I came away baffled that they weren't more widely-promoted, compared with Docker and friends. After thinking about it for a while, all I can figure is they're so straightforward to use and well-documented that there's no room to make one's name, or to make a buck, re-packaging them or wrapping them in complex tools, so there's little money or glory (= personal marketing via open-source project leadership/contributions) in promoting them.

[EDIT] that is: what would be a blog post in LXC/Docker land... doesn't exist, because it's covered perfectly well in the docs. What would be a simple open-source tool... becomes a blog post, because it's short, simple, and clear enough not to merit special software, but just a quick guide to existing tools. What would be a business, becomes a simple open-source tool without enough of a difficulty/convenience "moat" to support a business.



I suspect the answer includes it not being Linux, even with the compatibility layer available.


I'm sure that's some of it, but the trend seems to be moving away from leveraging OS-level tools anyway. As long as your containers (or jails) and the single important binary in each one start up OK and your network tuning on the parent OS isn't completely screwed up, the rest barely matters anymore.

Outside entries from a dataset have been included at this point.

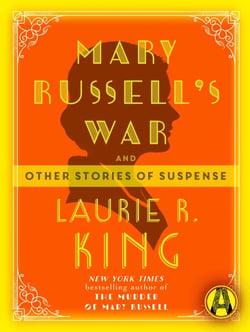 Mary Russell's War - And other stories of suspense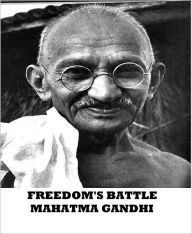 Title: Freedom's Battle, Author: Mahatma Gandhi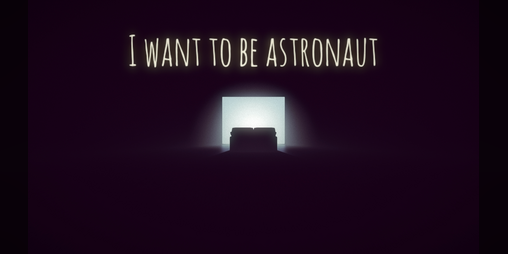Cover image for I Want To Be Astronaut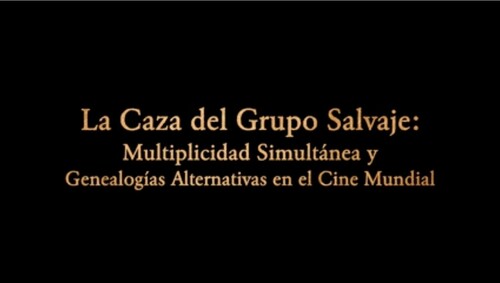 La caza del grupo salvaje: multiplicidad simultánea y genealogías alternativas en el cine mundial.Spanish version.https://vimeo.com/stonerob/Caza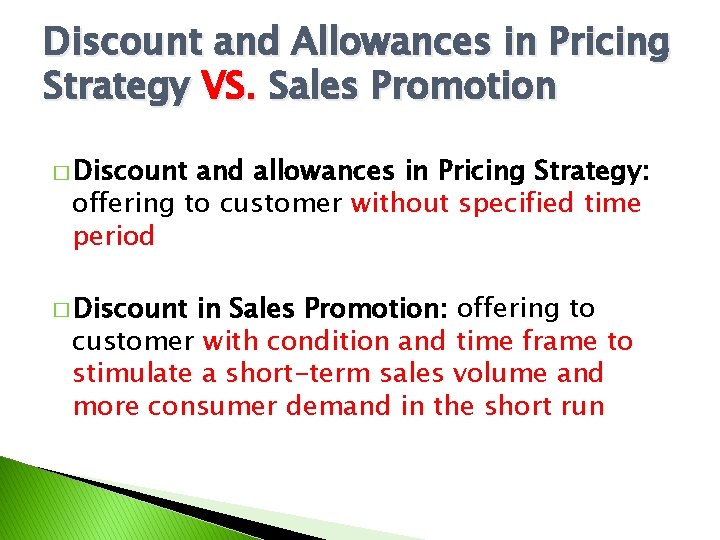 Discount and Allowances in Pricing Strategy VS. Sales Promotion � Discount and allowances in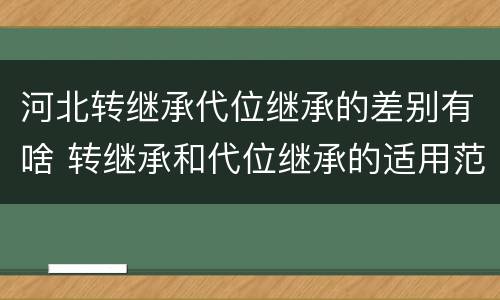 河北转继承代位继承的差别有啥 转继承和代位继承的适用范围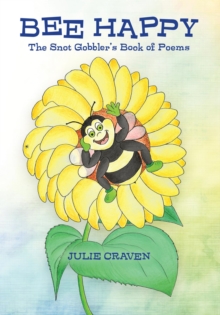 BEE HAPPY, The Snot Gobbler's Book of Poems : With Illustrations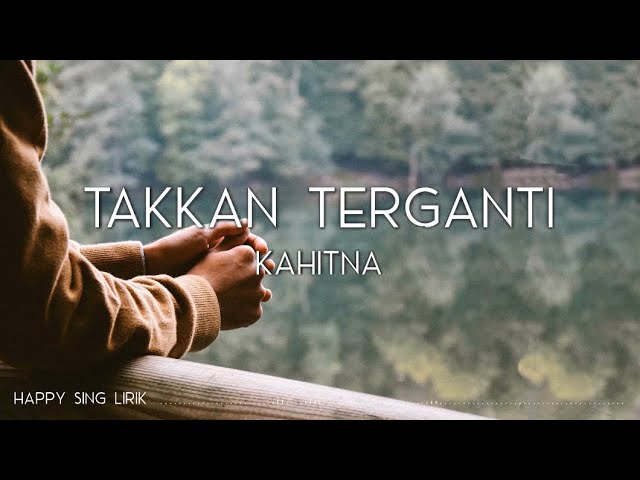 Download lagu kahitna takkan terganti cover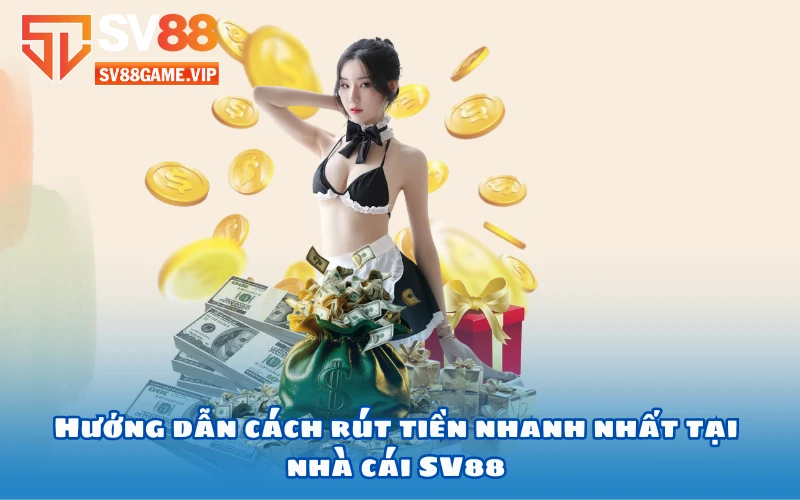 Hướng dẫn cách rút tiền nhanh nhất tại nhà cái SV88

It seems like you're missing a lot of things.

As a developer, how do I run FreeBSD Jails on my MacBook during development? With Docker for Mac, it is trivial for me to do everything on my Mac, and the fact that there is a virtual machine is completely invisible to me. Everything "Just Works". With FreeBSD Jails, I would have to actually interact with a VM constantly, including the pain of shipping files back and forth.

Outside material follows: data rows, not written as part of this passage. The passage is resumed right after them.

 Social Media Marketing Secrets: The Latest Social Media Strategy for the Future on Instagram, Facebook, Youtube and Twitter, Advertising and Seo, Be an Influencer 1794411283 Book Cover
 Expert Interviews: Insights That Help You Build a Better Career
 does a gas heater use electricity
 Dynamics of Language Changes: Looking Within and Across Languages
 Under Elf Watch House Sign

As a developer, are popular databases and applications pre-packaged as FreeBSD Jails so that I can spin one up on my laptop with a single command? Where is the Docker Hub equivalent?

As a developer, how do I orchestrate a collection of FreeBSD Jails for each project? With Docker, I define a single `docker-compose.yml` file for each project. With a single `docker-compose up`, the entire project is running including dependencies such as databases and other related projects in a completely reproducible fashion. This makes it trivial for coworkers to spin up a project on their machine and immediately be productive without spending an hour trying to get all the right versions of everything installed and up and running.

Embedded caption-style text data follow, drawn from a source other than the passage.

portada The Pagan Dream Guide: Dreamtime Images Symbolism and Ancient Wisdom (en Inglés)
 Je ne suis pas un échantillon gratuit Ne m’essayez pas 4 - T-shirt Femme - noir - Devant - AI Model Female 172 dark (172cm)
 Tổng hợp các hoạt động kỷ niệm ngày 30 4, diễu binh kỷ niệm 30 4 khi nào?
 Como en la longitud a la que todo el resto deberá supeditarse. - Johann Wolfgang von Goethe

As someone responsible for deploying an application to production, what is the story around FreeBSD Jails for deploying across a cluster? Is there a Kubernetes-equivalent that can manage the allocation of resources, blue-green deployments, and manage the lifecycle of my FreeBSD Jails?

As someone responsible for deploying an application to production, do any of the major clouds support FreeBSD Jails? With Docker images, I can deploy those straight to ECS Fargate, Google Cloud Run, and half a dozen other services. Then I don't even have to think about my own infrastructure unless I need some really specialized hardware for a specific application.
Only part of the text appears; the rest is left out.